TASK DIRECTIONS: Your answer must be an exact copy of the data below, minus any pictures.
───── DATA RECORDS
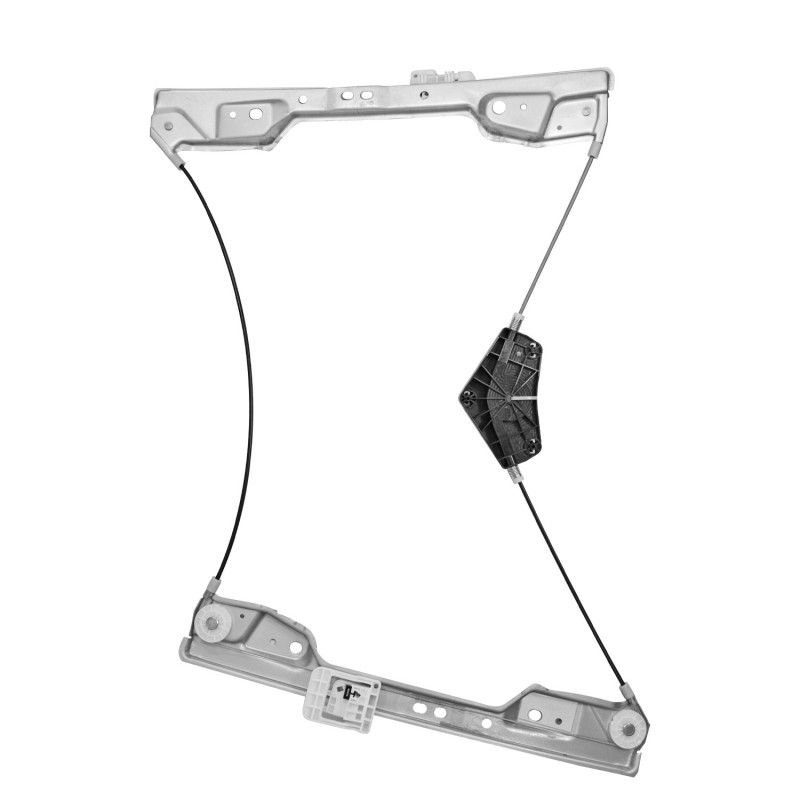 Elevador De Cristal Dodge Journey 2009-2017 Sin Motor 12V Izquierdo Delantera Hushan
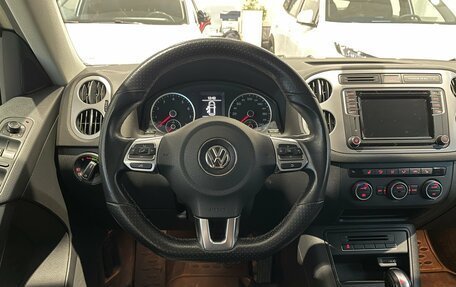 Volkswagen Tiguan I, 2016 год, 1 649 000 рублей, 15 фотография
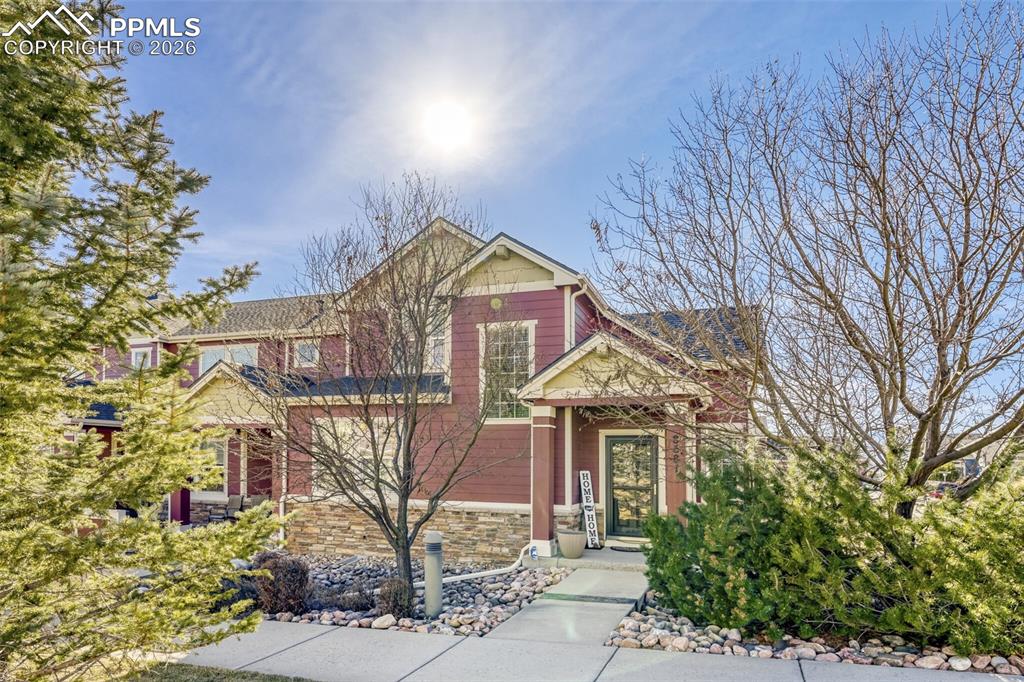 Image 12 of 13: Front of Structure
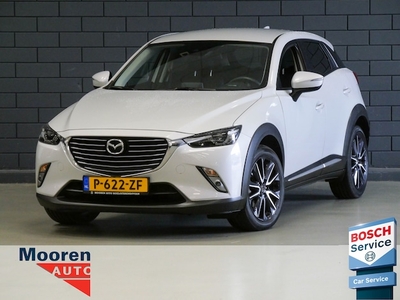 Mazda CX-3 Benzine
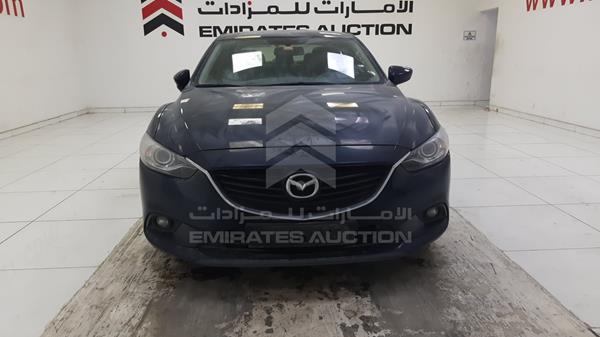 MAZDA 6 2015 jm7gj4s37f1134782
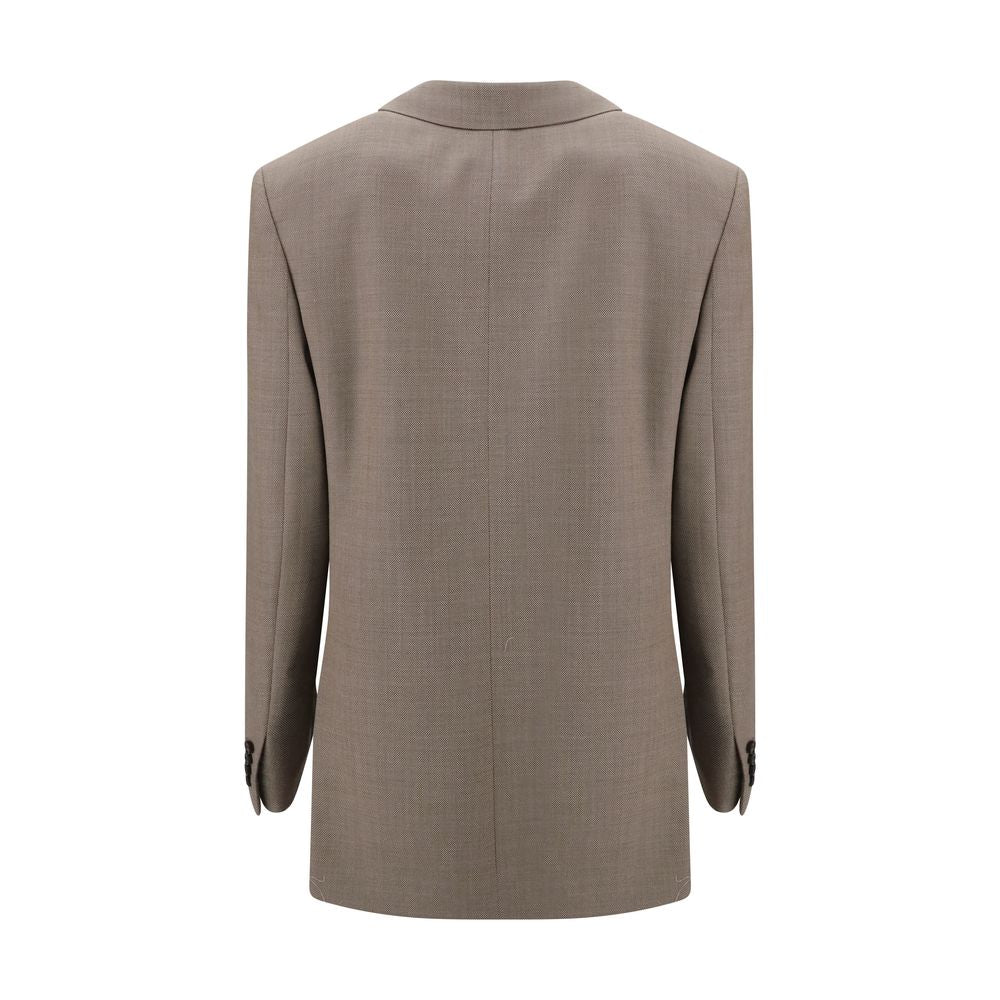 Saint Laurent Wool Blazer
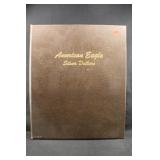 American Eagle Silver Dollar Album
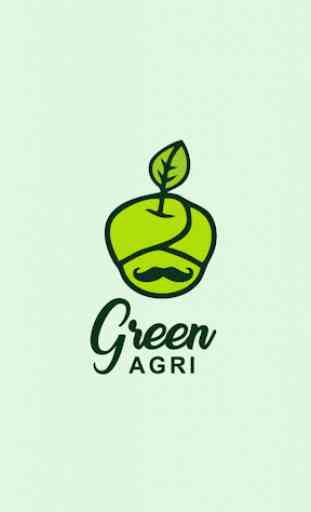 Green Agri - India's No 1 Farmer Agriculture App 1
──────────
THE ANSWER:
 Elevador De Cristal Dodge Journey 2009-2017 Sin Motor 12V Izquierdo Delantera Hushan
 Volkswagen Tiguan I, 2016 год, 1 649 000 рублей, 15 фотография
 Image 12 of 13: Front of Structure
 Mazda CX-3 Benzine
 MAZDA 6 2015 jm7gj4s37f1134782
 Saint Laurent Wool Blazer
 American Eagle Silver Dollar Album
 Green Agri - India's No 1 Farmer Agriculture App 1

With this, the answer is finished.